[[ Given data, beginning ]]

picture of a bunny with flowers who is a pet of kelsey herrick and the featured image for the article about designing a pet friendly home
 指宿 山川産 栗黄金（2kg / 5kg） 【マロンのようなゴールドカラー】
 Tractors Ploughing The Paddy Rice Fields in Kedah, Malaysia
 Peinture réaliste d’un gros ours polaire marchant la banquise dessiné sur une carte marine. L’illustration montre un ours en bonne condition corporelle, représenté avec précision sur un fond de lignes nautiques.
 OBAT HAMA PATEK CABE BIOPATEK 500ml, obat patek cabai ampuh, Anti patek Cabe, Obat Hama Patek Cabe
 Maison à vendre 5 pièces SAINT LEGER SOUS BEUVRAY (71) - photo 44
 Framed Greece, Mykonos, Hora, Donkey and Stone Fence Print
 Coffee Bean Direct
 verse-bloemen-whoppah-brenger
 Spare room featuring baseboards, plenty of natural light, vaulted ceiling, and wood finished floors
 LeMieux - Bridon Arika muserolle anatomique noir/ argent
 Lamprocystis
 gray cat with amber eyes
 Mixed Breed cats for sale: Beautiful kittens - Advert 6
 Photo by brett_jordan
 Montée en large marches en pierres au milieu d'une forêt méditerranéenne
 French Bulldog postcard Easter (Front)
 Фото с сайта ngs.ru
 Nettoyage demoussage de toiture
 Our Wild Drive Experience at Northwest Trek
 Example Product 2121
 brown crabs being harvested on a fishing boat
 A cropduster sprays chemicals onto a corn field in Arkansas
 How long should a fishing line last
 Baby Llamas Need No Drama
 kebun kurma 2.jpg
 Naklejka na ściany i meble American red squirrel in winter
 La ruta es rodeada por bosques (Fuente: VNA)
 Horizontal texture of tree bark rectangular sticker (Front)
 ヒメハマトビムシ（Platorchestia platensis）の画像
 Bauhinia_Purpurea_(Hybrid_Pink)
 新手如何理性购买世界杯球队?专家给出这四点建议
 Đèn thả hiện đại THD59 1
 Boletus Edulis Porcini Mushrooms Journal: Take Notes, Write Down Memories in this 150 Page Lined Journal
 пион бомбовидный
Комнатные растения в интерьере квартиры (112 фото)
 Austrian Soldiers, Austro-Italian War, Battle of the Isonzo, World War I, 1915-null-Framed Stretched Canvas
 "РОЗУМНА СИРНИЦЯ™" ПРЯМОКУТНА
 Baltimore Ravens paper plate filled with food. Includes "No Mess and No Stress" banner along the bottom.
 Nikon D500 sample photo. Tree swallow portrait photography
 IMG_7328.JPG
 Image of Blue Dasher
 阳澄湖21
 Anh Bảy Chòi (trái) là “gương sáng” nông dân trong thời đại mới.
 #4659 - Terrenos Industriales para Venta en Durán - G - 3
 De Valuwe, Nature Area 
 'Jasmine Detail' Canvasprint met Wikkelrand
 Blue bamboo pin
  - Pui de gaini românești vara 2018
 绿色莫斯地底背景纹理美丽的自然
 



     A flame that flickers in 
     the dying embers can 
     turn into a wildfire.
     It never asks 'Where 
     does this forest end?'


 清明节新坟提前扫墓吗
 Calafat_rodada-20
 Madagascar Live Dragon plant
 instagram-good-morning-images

[[ Given data, end ]]

■ Required action
Reproduce every line of the entries above, unchanged, from the very first one down to and including the line containing "Tractors Ploughing The".

■ Written response
picture of a bunny with flowers who is a pet of kelsey herrick and the featured image for the article about designing a pet friendly home
 指宿 山川産 栗黄金（2kg / 5kg） 【マロンのようなゴールドカラー】
 Tractors Ploughing The Paddy Rice Fields in Kedah, Malaysia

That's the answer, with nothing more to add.